Caused by op u'pyramid_1/AssignGTBoxes/Where_7', defined at:
File "train/train.py", line 339, in
InternalError (see above for traceback): WhereOp: Could not launch cub::DeviceReduce::Sum to count number of true indices. temp_storage_bytes: 1, status: invalid device function [[Node: pyramid_1/AssignGTBoxes/Where_7 = Where_device="/job:localhost/replica:0/task:0/gpu:0"]] [[Node: pyramid_1/fully_connected_3/BiasAdd/_2901 = _Recvclient_terminated=false, recv_device="/job:localhost/replica:0/task:0/cpu:0", send_device="/job:localhost/replica:0/task:0/gpu:0", send_device_incarnation=1, tensor_name="edge_27365_pyramid_1/fully_connected_3/BiasAdd", tensor_type=DT_FLOAT, _device="/job:localhost/replica:0/task:0/cpu:0"]]
How to solve this error
@ranwek @ahmedtalbi @smileflank @eliethesaiyan @satya2550 I also meet this problem, do you fix it?

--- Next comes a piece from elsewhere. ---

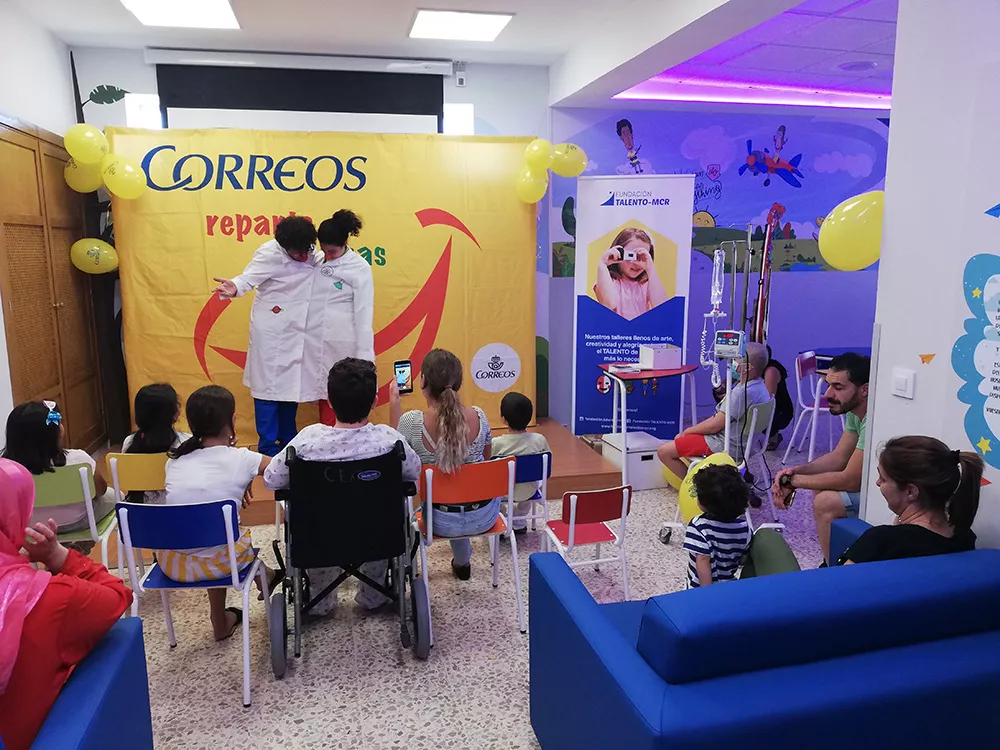 noticias Cadiz Correos Reparte Sonrisas (1).jpg noticias Cadiz Correos Reparte Sonrisas (1).jpg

Is it necessary to downgrade the tensorflow version to solve the problem? Any other way?
To solve this issue , i trained mask-rcnn with python 3.6 , cuda 9.0 ,cudnn 7.0, tensorflow 1.8 , opencv 3.4.
"mkdir /data/coco" and put all downloaded data into it,then "python download_and_convert_data.py",you should see this: ...

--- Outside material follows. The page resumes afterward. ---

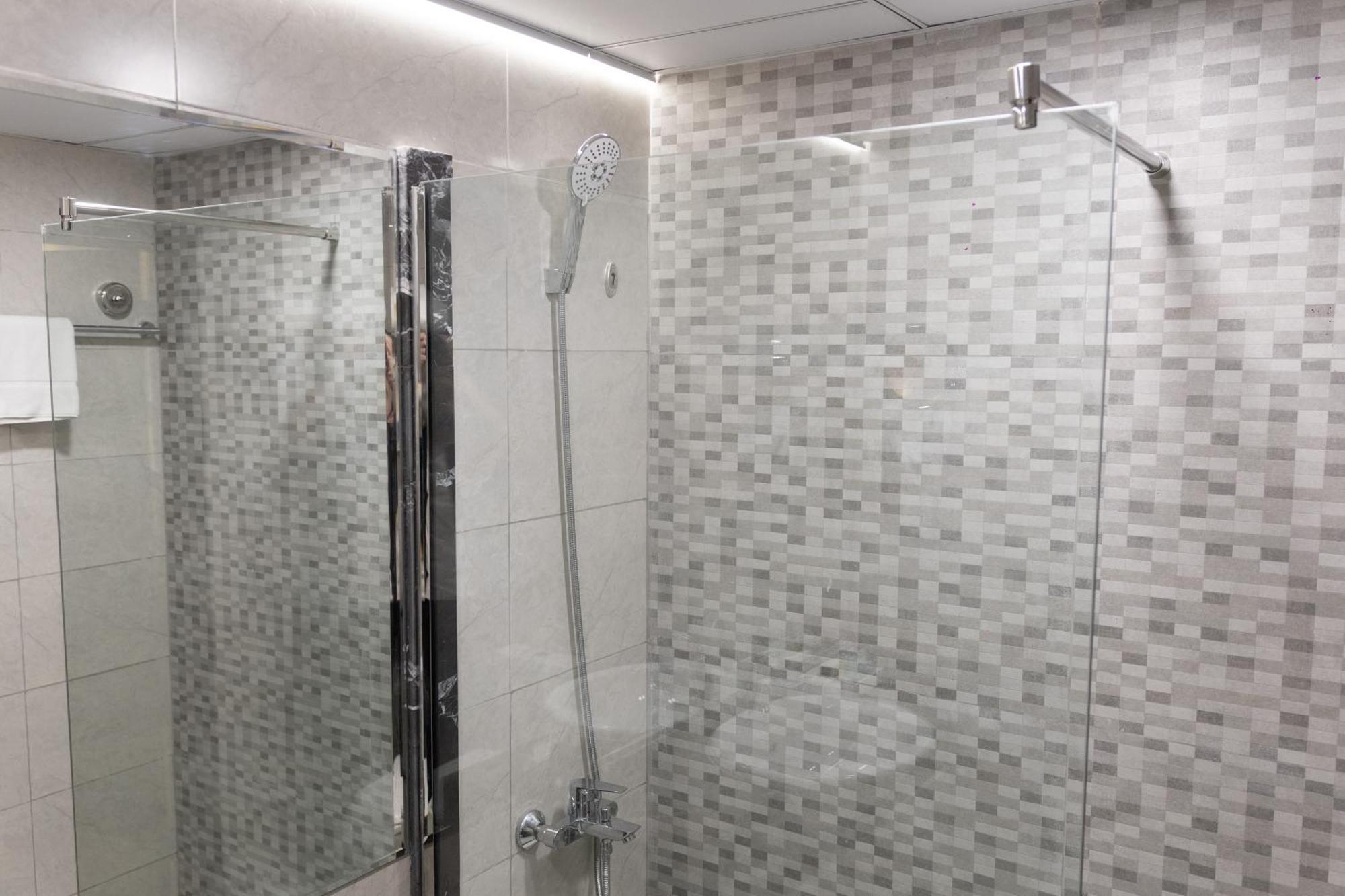 דובאי Vendome Plaza Hotel מראה חיצוני תמונה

None Annotations data/coco/train2014/COCO_train2014_000000284128.jpg
Converting image 2151/82783 shard 0 Converting image 2201/82783 shard 0 Converting image 2251/82783 shard 0 None Annotations data/coco/train2014/COCO_train2014_000000167118.jpg Converting image 2301/82783 shard 0 None Annotations data/coco/train2014/COCO_train2014_000000399262.jpg None Annotations data/coco/train2014/COCO_train2014_000000239942.jpg None Annotations data/coco/train2014/COCO_train2014_000000247177.jpg Converting image 2351/82783 shard 0 Gray Image 434765 Converting image 2401/82783 shard 0 Converting image 2451/82783 shard 0 Converting image 2501/82783 shard 0 Converting image 2551/82783 shard 1 Converting image 2601/82783 shard 1 Converting image 2651/82783 shard 1 Converting image 2701/82783 shard 1 Converting image 2751/82783 shard 1 Converting image 2801/82783 shard 1 Converting image 2851/82783 shard 1 Converting image 2901/82783 shard 1 Converting image 2951/82783 shard 1 Converting image 3001/82783 shard 1 Converting image 3051/82783 shard 1 Converting image 3101/82783 shard 1 Converting image 3151/82783 shard 1 Converting image 3201/82783 shard 1 None Annotations data/coco/train2014/COCO_train2014_000000458540.jpg Converting image 3251/82783 shard 1 ...
well, i had the same problem after i had trained about 6000 steps. the problem did not occur at the beginning of loading the graph and weight of the model. To solve this, i declined batch size from 24 to 16. Now, the train code is still runing, though i do not know whether the code will crash or not later.